Schlechter Test. Wo steht etwas zum Reaktionsverhalten und Input-Lag? Keine Angaben zum Schwarzwert und Kontrastverhältnis? Schlechte Differenzierung bei dunklen Szenen, extreme Blickwinkelabhängigkeit, geringe Bewegungsschärfe und trotzdem ein "Gut"? Ich bitte euch, solche Artikel könnt ihr euch in Zukunft auch sparen.
Ich habe diesen Fernseher.

Es fehlt auch Erwaehnung, das er bei schneller Bewegung (Sport, Verfolgungsjagden, schnelle pans) nicht ganz mitkommt.

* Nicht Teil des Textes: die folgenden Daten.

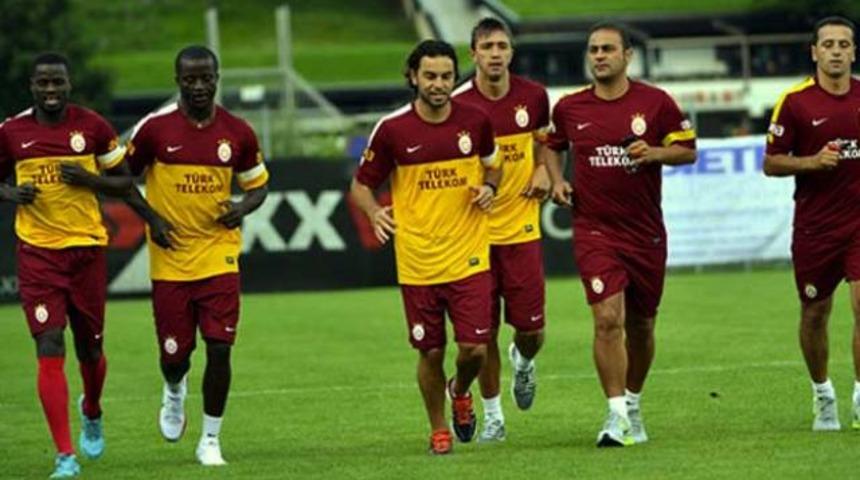 Galatasaray sezonu a&ccedil;ıyor!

Blickwinkel sind bei mir in Ordnung, aber das heisst natuerlich nicht, das die ganze Serie in Ordnung ist.

Input Lag vom Computer habe ich zwar nicht gemessen, aber es war nicht als stoerfaktor zu bemerken. Fuer die erfolgreiche Benutzung mit PvP/FPS Spielen will ich mich aber nicht verbuergen.

Als Computer Bildschirm fuer Andwendungen wie Sonar, Excel, Autocad ist er jedenfalls sehr gut.
Alles ist gestochen scharf bei ~50cm Abstand vom Bildschirm und man hat Unmengen Platz.